Five Rules For Correlating Rule-based And Field Solver Parasitic Extraction Results

Accurately determine parasitic effects with the proper set up of two different methods.


There comes a time at every foundry and IC design company when it becomes necessary to run a correlation between a rule-based parasitic extraction (PEX) table and a field solver solution. And when that time arrives, there are a few (five, to be precise) details that will help ensure the correlation produces accurate results. But before we get to those, let’s do a quick refresh on PEX techniques.

Parasitic extraction
PEX is the process of identifying unintended (parasitic) resistance and capacitance that occurs in a design. The PEX flow is an important part of circuit verification, because even though they’re not a part of the designed circuitry, parasitic effects have very real impacts on circuit performance.

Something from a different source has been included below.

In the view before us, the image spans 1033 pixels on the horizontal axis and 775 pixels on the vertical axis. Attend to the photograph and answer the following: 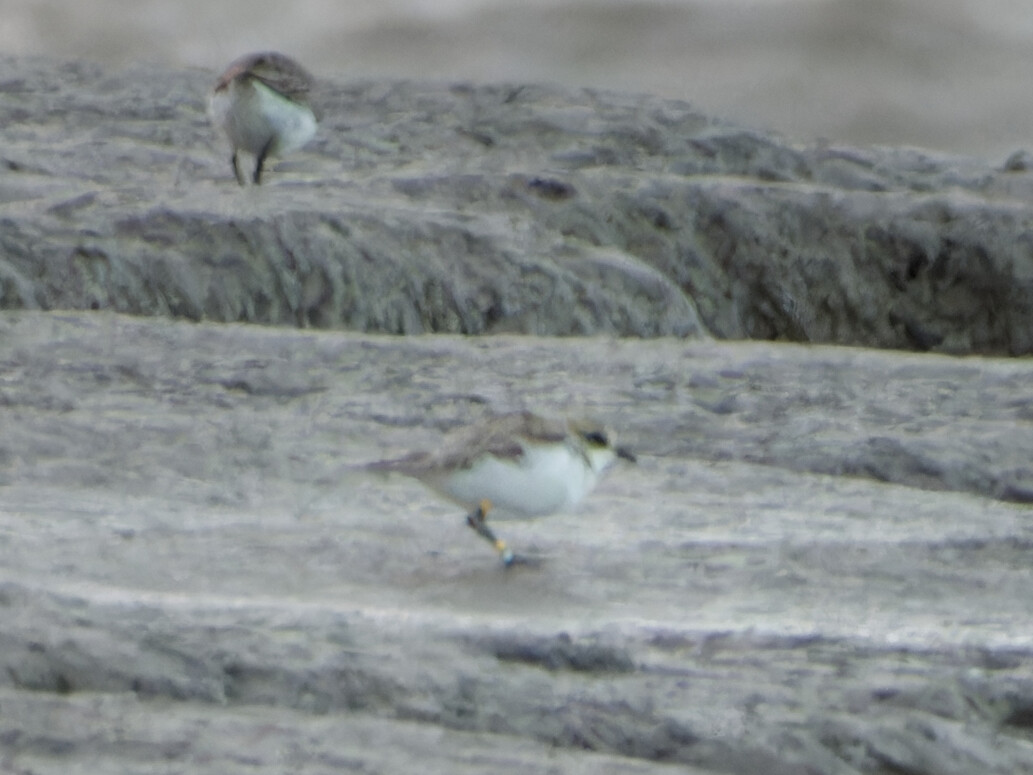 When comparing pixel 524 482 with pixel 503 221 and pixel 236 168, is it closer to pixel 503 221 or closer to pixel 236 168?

Obviously, actual silicon measurements are the ideal reference for determining parasitic circuits, since the physical layout creates the conditions that allow parasitic circuits to form. Foundries often use fabricated integrated circuits (ICs) that include many shapes and configurations, while design houses may actually fabricate a special test structures die just for this purpose. However, physical measurements are not always easy to come by, due either to a lack of measurement data, or because the structures under test are difficult to measure. Which is why many foundries and design companies use the next best thing—field solver calculations.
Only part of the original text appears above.